In our history, we began to realize that although "life is not a bed of roses," eventually it will "come up roses" if you "take time to smell the roses." You might even be a "rose among thorns." Or you might just be "pushin’ up daises," if you "bit the dust."
Even now, if you want to ask me something, "don’t beat around the bush." Listen carefully, or you may be "barking up the wrong tree." The person selling you something may "lay it on like a trowel," or "gild the lily." Many a farmer has sent a bewildered "city slicker" on a "wild goose chase." Meanwhile, city folks often think their "country cousins" are "dumb as dirt," which if you know anything about soil science, ought to be a compliment.
If you "counted your chickens before they hatched," you were perhaps being naively optimistic. Do so often enough and your "chickens may come home to roost," especially if you "put all your eggs in one basket."
After a winter of being "cooped up," many of us suffer from "cabin fever." We are thankful to "get back to the same old grind."
Young men of means dressed "to the nines," a reference to a good suit that took at least nine yards of good cloth. For the not-so-well-dressed, there was "no cigar," for the love of Pete (known more formally as Saint Peter).
Women had "hen parties;" while men liked to think they "rule the roost." Ladies, if you were a "spring chicken" you were likely young and tender; much later, you could be a "tough old bird." You might be a shrinking violet or a wallflower, or just a late bloomer.
Farmers arose "with the chickens," young Turks challenged the "pecking order," tightwads could be expected to leave "chicken feed" for a tip, and an honest politician was (and perhaps still is) "rare as hens’ teeth" (very rare indeed, since hens don’t have teeth and, no, frogs don’t have hair.)
Sometimes our bromides do get twisted, such as being "prickly as a pear." Pears aren’t prickly. Prickly pear cactus is prickly. It’s kind of like confusing "water over the bridge," with "water under the dam." Before long, you don’t have "a leg to stand on." It’s a "tough row to hoe."
My own "search for the Holy Grail" of old bromides remains as elusive as the "goose that laid the golden egg." Don’t take life or good times for granted. As my extended family and good friends know, my search continues for the origins of just one phrase: "Great Balls of Glittering Codfish," a semi-humorous expression my father liked and used when he was exasperated, even after "searching high and low," I still can find no other reference than the one just today, when the Google gods seemed to be listening.
Was this to be the "answer to my prayers?"
"It was not to be," as "it turns out."
The reference was of my own making, dating back to to last time I asked how a young World War II soldier from Southeast Kansas came up with such an expression.
It was a "hard pill to swallow," but I intend to keep looking "until the cows come home." I could "turn over a new leaf" (turn a page; start anew). Keep looking for a needle in a haystack.
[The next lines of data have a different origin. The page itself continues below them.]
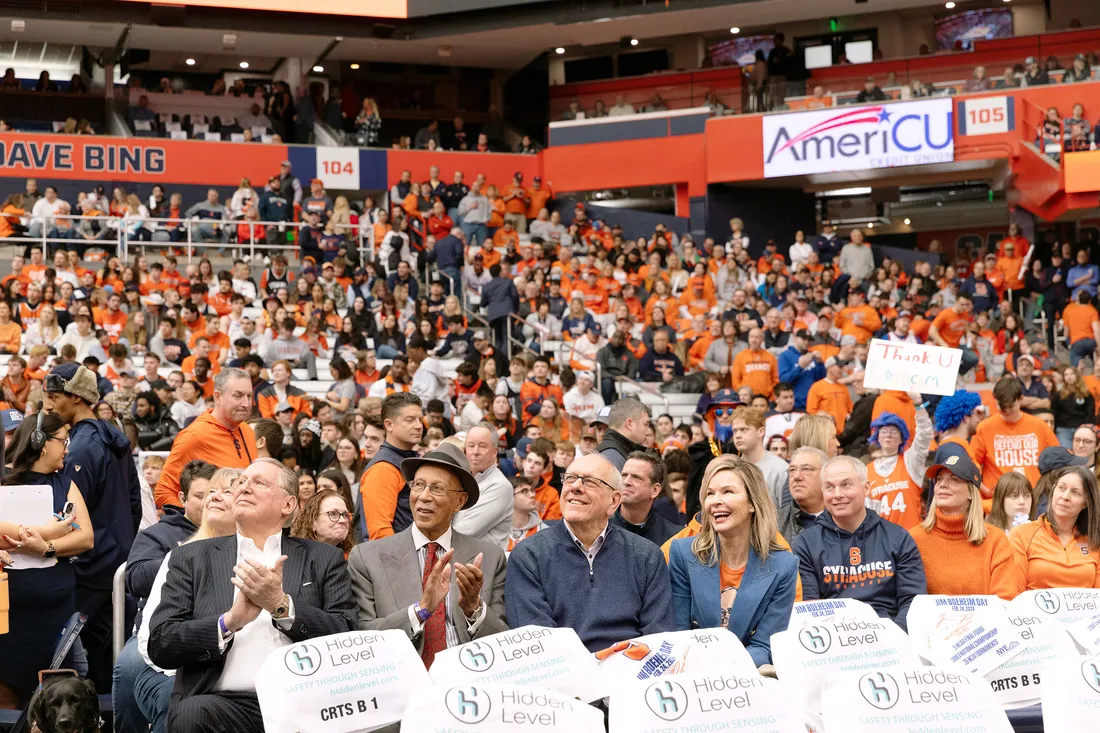 Jim Boeheim and David Bing sitting.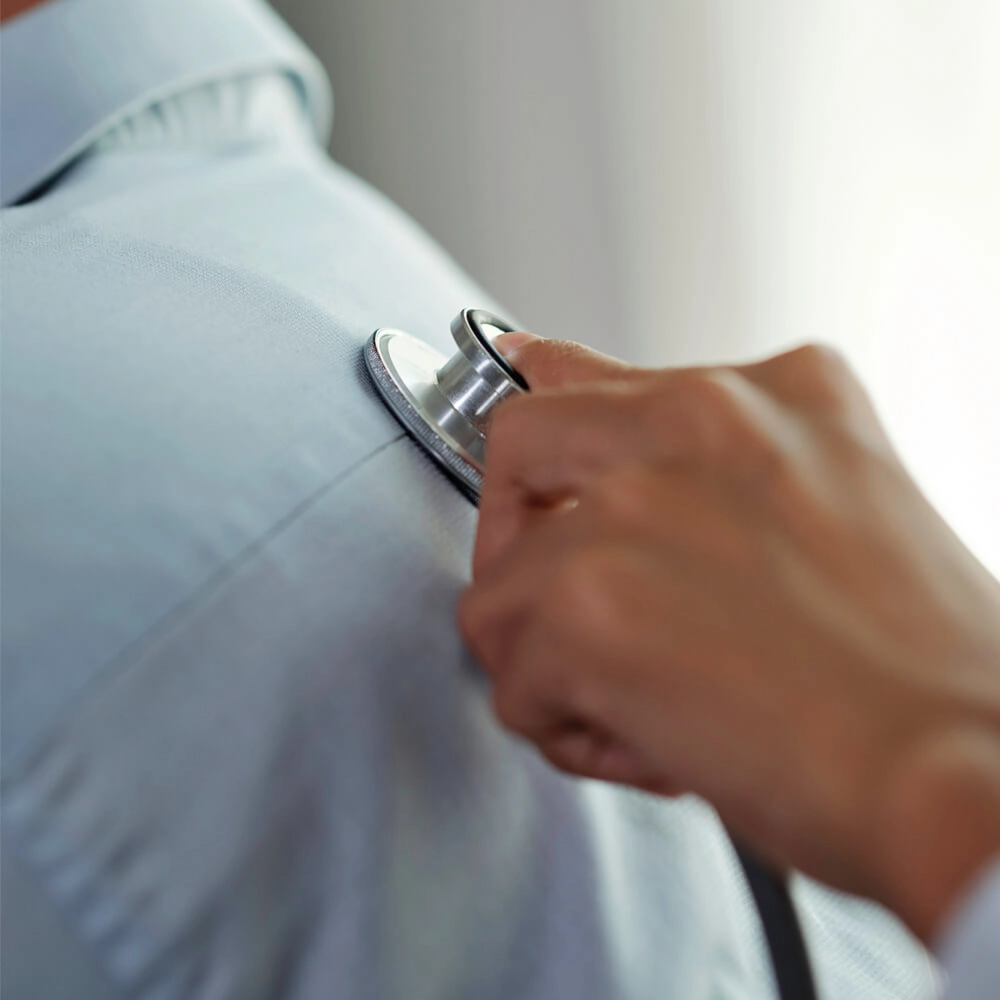 A close-up of a hand holding a stethoscope to the chest of a person wearing a light blue shirt, suggesting a medical examination or check-up.
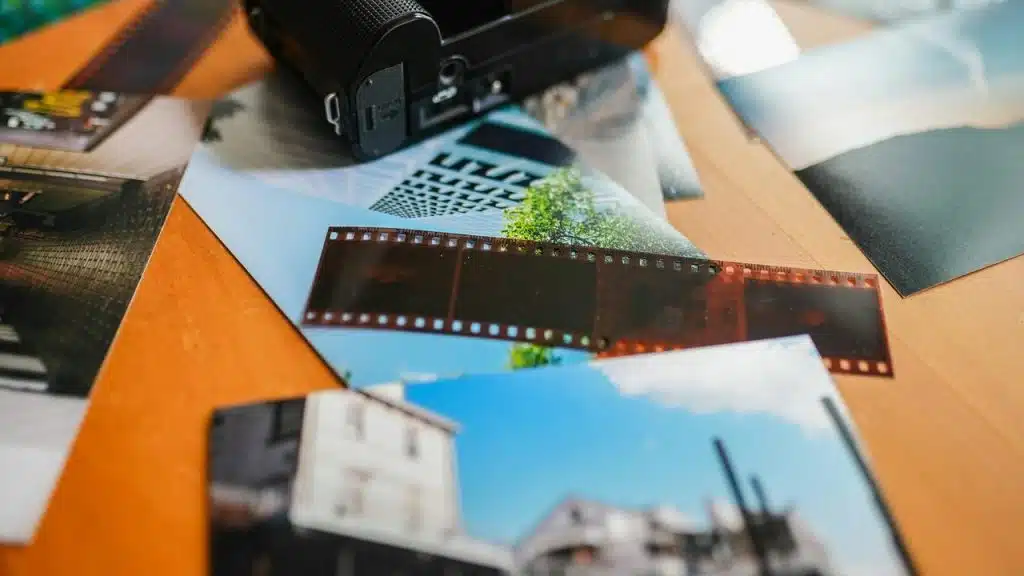 A strip of photo negatives and prints beside a film camera.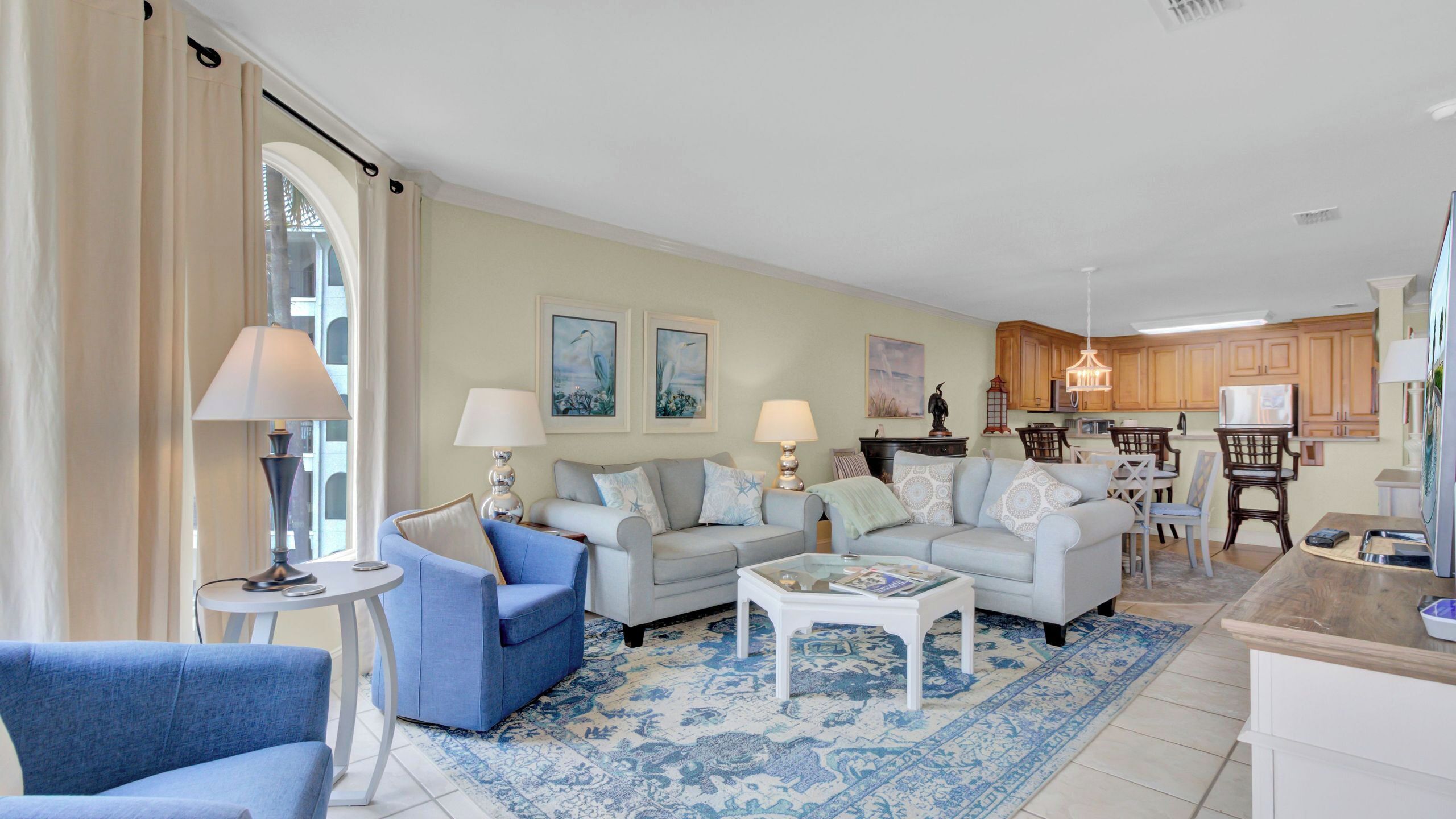 A living room with two sofas, a coffee table, and a dining area with wooden cabinets and chairs.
Keep on, keepin’ on.
You could be thinking, "will this hack quit dredging up these "old bromides" (the salts of hydrobromic acid, formerly used as a sedative but now generally replaced by safer drugs).
Which brings us to a couple that have about worn me to the nub. "At the end of the day…" seems to have replaced "when all is said and done" among the gasbag crowd. And fricking, freaking or frigging, and I’m not even going there.
As I was "putting the finishing touches" on this column, along came Maria Karikitsos’ wonderful article (see page 42) about frankincense being "worth its weight in gold," or "good as gold," a reference to the Spice World of ancient times.
But for me, it’s hard to top the poor schlep who wrote, "A storm plowed through the nation’s mid-section today, as Old Man Winter left a heavy layer of the white stuff." That’s why we have copy editors.